* **REQUIRED WORK**:
Your task is to retype, word for word, the lines from the start of the data through the line holding "Applicatives in Salish languages". Do not include the pictures.

————————

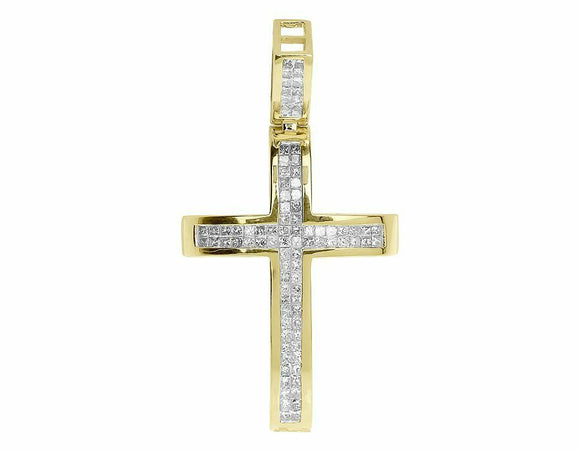 0.5ct Round Cut VVS1 Diamond Pendant Two Row Cross 14k Yellow Gold Over NO CHAIN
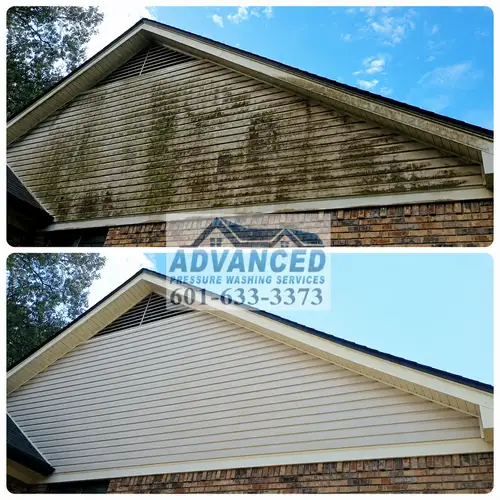 Before and after house washing showing mildew and algae removed from siding in Brandon MS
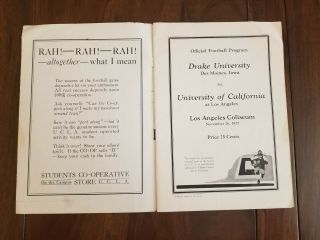 1927 UCLA vs Drake University Football Program Played at Los Angeles California 3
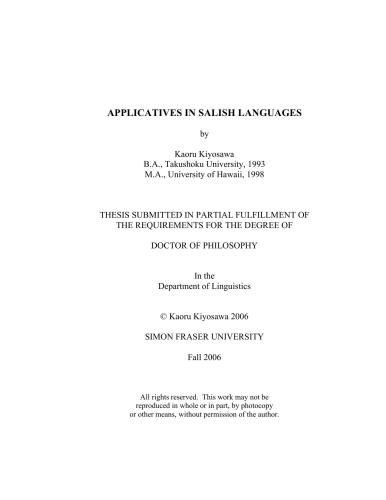 Applicatives in Salish languages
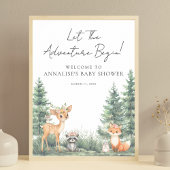 Woodland Forest Animals Adventure Baby Shower ポスター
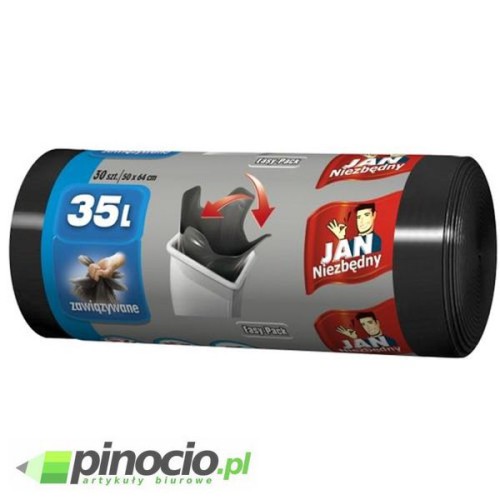 Worki na śmieci Jan Niezbędny z cienkiej folii HD 35l zawiązywane 30 szt. czarne
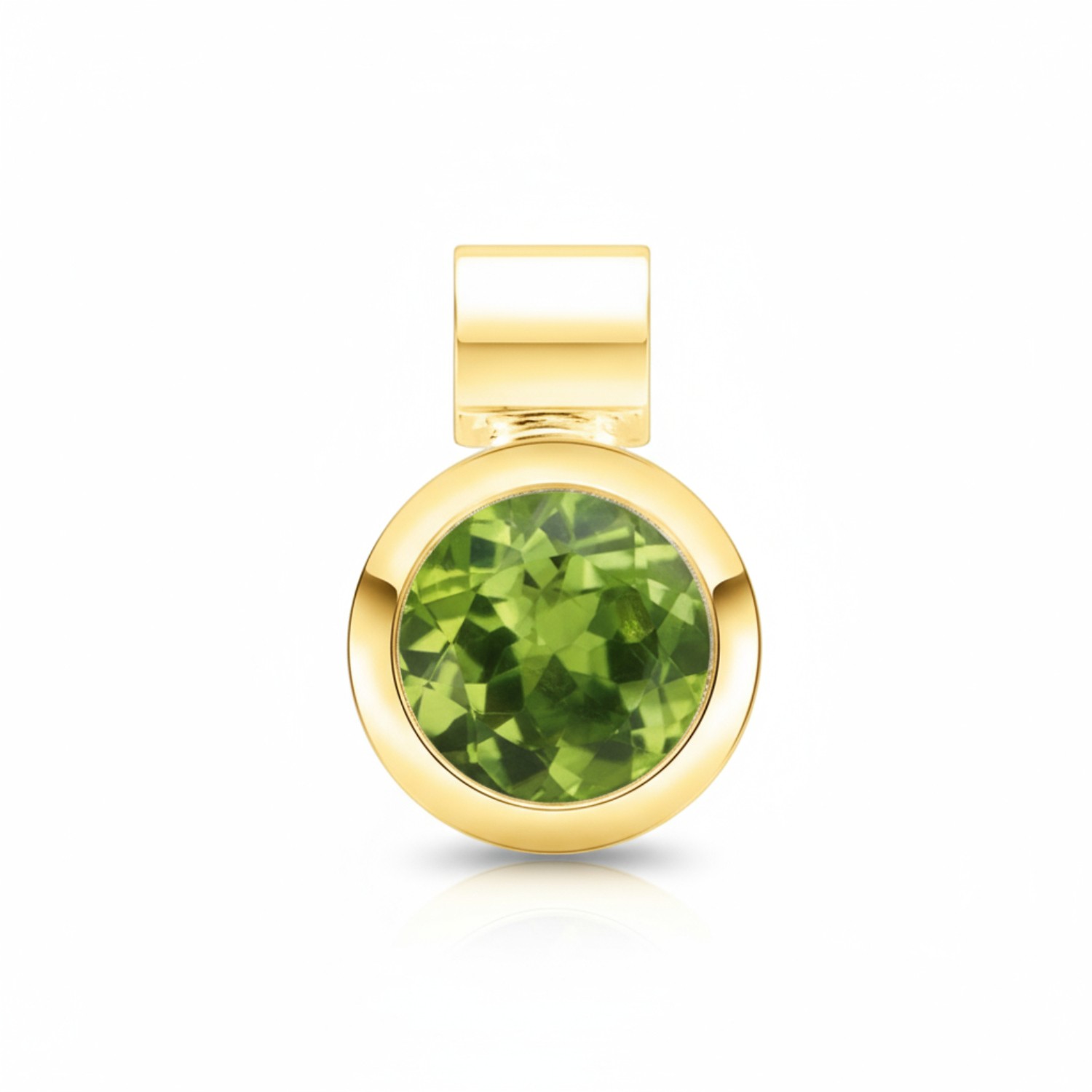 Quinn Damen Anhänger aus 585 Gold mit Peridot, goldfarben und grün, Größe 8,5x12,8mm
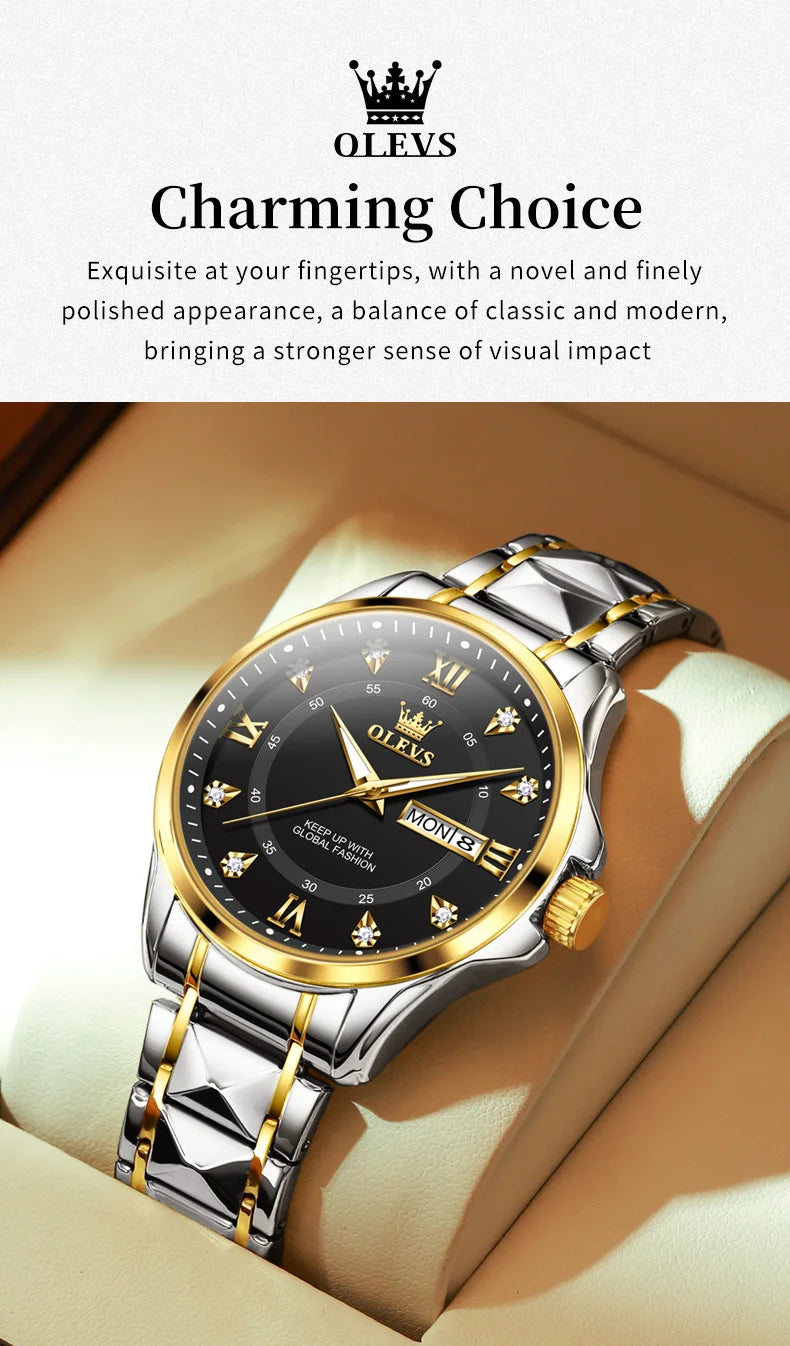 OLEVS 2906 Luxury Original Wristwatch For Man Luminous Week Date Waterproof Classic Business Dress Men's Quartz Watch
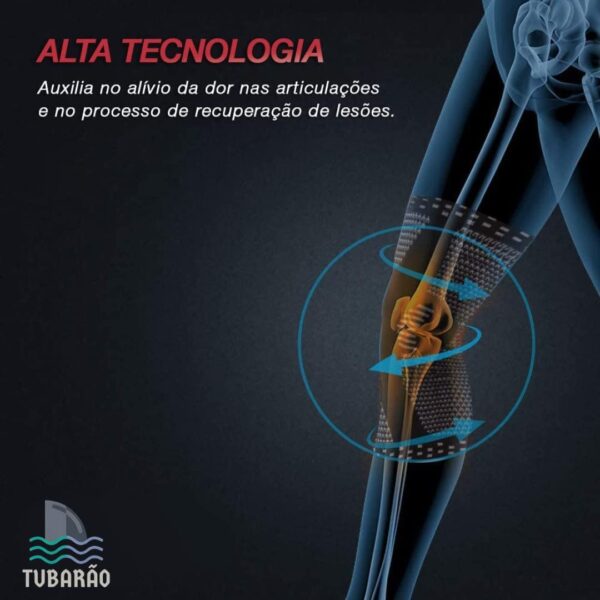 61s3xidG0RL._SL1080_.jpg Joelheira Ortopedica De Compressão Silicone E Fio De Flexível Aço Tensor Alívio De Dor Tensor articulada ligamento rompido Fitness Cross Bike Volei Basquete Proteção Silicone e recuperação do joelho + Chaveiro Tubarão Stores (GG)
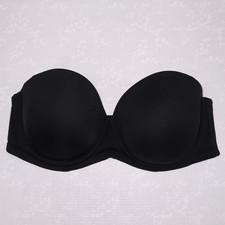WACOAL Red Carpet Strapless Bra 38D Black Underwire Full-Figure 854119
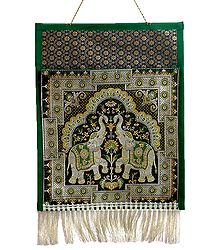 Elephant Design Brocade Silk Magazine Holder with One Pocket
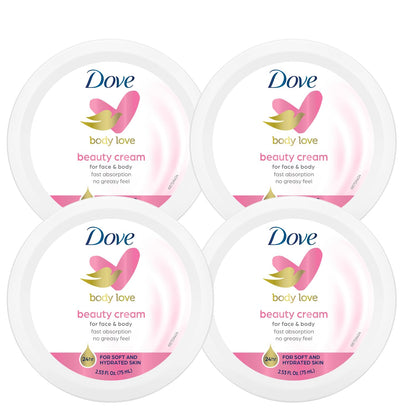 Dove Nourishing Body Care, Face, Hand, and Body Beauty Cream for Normal to Dry Skin Lotion for Women with 24-Hour Moisturization, 4-Pack, 2.53 Oz Each Jar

————————

* **RESULT OF THIS EXERCISE**:
 0.5ct Round Cut VVS1 Diamond Pendant Two Row Cross 14k Yellow Gold Over NO CHAIN
 Before and after house washing showing mildew and algae removed from siding in Brandon MS
 1927 UCLA vs Drake University Football Program Played at Los Angeles California 3
 Applicatives in Salish languages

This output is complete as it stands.